Mekân durduğu yerde yeni mekânlar doğurmuş, ekrandan gören gözlere tanıdık gelmiş, küçük varyasyonlarla başka senaryoların vuku bulduğu hiçyerler/ yokyerler oluvermiş. Tüpçüler, anahtarcılar, berberler… Hiç yokmuşlar orada. Tüpçüdeki tüpler boş, anahtarcıdaki anahtarlar sahte, berberdeki usturalar körmüş.

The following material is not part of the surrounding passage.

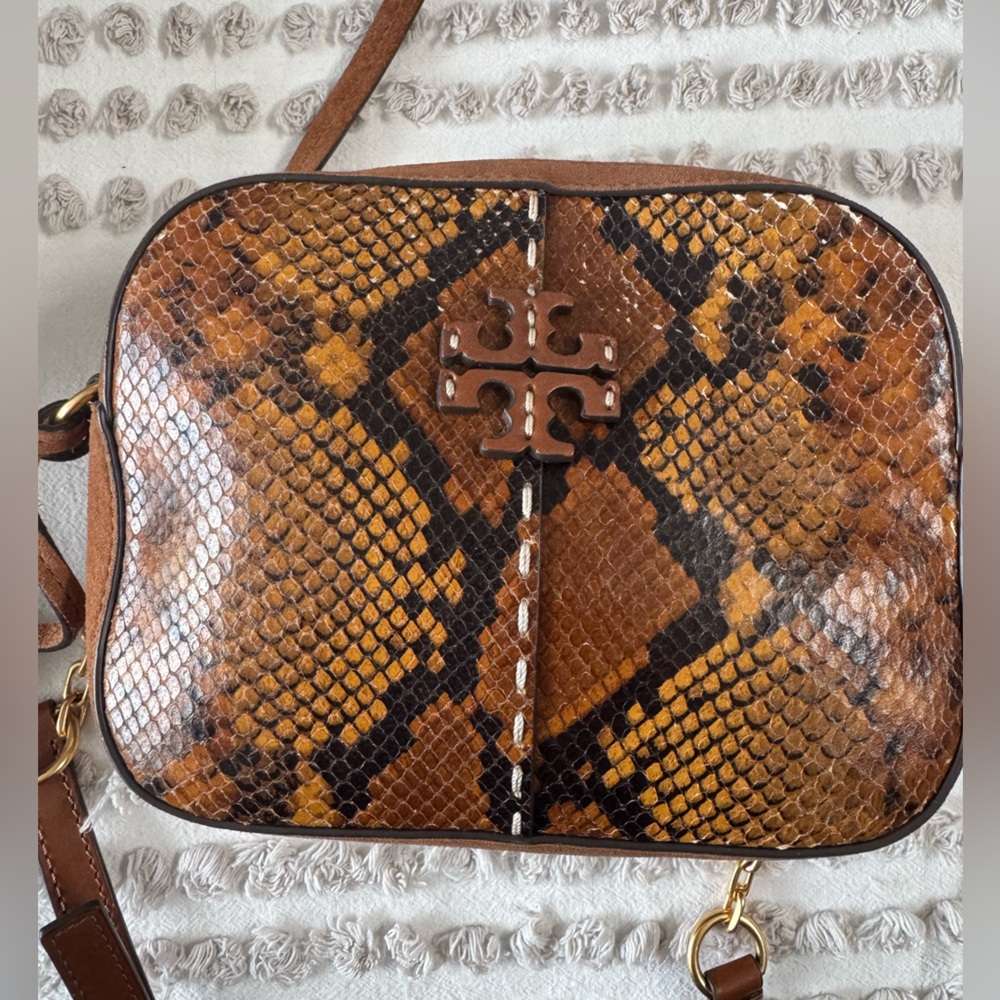 Tory Burch Brown Snake Print Crossbody Bag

Facade, façade, fasad, fasat, fesat. Dışında değil ama içindeki bir fesatlık var bu fasatların! Pencerelerinden komşuların birbirine haber uçurdukları sevimli bir sokak sandığınız yer aslında iki boyutlu cephelerle sarmalanmış bir boşluk! Bu bir kandırmaca, bu bir dekor ayakta durabildiğince. İç ve dışın, sahici ve sahtenin oldukça değişken olduğu bir hat çiziyor bu fasatlar bize. Birkaç adım atıp sevimli cumbaların arkasına uzatırsanız kafanızı, rüzgârdan yağmurdan paramparça olmuş sefil kumaşlar/ fesat perdeler göreceksiniz. Her fesat pencerenin arkasına bir kablo çekilmiş, kablonun ucundan bir ampul sarkar. Sarı yumuşak bir ışık verir tatlı pseudo-mahallemize çakma perdelerin ardından. Ne perde perdeliğini yapar, ne ampul ampullüğünü. Sorsalar herhangi bir perdeden ya da ampulden eksiği yoktur, olmamıştır, olamazdır. Ekranda görünmeye yetecek kadar büyüyüp olgunlaşmıştır, izleyiciye gerçek görünecek kadar ev olmuştur o cephe. Mutant gibidir biraz; gövdesi vardır da eli kolu yoktur sanki. Şebnem bebekler gibidir, elbiseler ona küçük beyaz tutamaklarla iliştirilir, arkası açıkta kalır. Yüzü makyajlıdır ama sırtı çıplaktır.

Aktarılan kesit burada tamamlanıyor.